Give back exactly the lines of the material below, starting with the line with "Matt Tentis standing" and going on through the line with "Aerial perspective showcasing".

Excerpted data section start

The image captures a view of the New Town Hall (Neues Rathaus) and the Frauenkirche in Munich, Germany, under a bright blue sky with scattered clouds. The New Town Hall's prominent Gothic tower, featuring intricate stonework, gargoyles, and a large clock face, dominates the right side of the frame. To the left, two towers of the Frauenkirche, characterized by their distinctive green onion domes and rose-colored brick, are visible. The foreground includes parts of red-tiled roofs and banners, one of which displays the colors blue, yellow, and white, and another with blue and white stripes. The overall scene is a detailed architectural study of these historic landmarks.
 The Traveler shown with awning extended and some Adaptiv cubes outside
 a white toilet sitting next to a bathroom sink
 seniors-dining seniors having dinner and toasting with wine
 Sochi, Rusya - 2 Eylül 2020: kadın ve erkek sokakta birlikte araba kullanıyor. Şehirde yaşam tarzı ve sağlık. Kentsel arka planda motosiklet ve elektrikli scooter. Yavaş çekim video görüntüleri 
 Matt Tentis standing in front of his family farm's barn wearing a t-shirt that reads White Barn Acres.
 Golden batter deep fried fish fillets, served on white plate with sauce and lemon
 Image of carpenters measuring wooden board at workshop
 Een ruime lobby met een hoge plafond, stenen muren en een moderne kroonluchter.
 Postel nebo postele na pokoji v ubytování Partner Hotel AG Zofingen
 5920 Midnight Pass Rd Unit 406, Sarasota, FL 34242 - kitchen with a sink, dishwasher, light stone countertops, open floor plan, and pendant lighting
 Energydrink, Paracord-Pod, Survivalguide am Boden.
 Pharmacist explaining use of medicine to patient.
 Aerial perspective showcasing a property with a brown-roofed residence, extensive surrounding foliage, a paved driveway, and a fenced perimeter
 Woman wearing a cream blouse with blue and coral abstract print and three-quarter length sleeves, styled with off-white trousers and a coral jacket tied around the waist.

Excerpted data section end

**Finished exercise:**
 Matt Tentis standing in front of his family farm's barn wearing a t-shirt that reads White Barn Acres.
 Golden batter deep fried fish fillets, served on white plate with sauce and lemon
 Image of carpenters measuring wooden board at workshop
 Een ruime lobby met een hoge plafond, stenen muren en een moderne kroonluchter.
 Postel nebo postele na pokoji v ubytování Partner Hotel AG Zofingen
 5920 Midnight Pass Rd Unit 406, Sarasota, FL 34242 - kitchen with a sink, dishwasher, light stone countertops, open floor plan, and pendant lighting
 Energydrink, Paracord-Pod, Survivalguide am Boden.
 Pharmacist explaining use of medicine to patient.
 Aerial perspective showcasing a property with a brown-roofed residence, extensive surrounding foliage, a paved driveway, and a fenced perimeter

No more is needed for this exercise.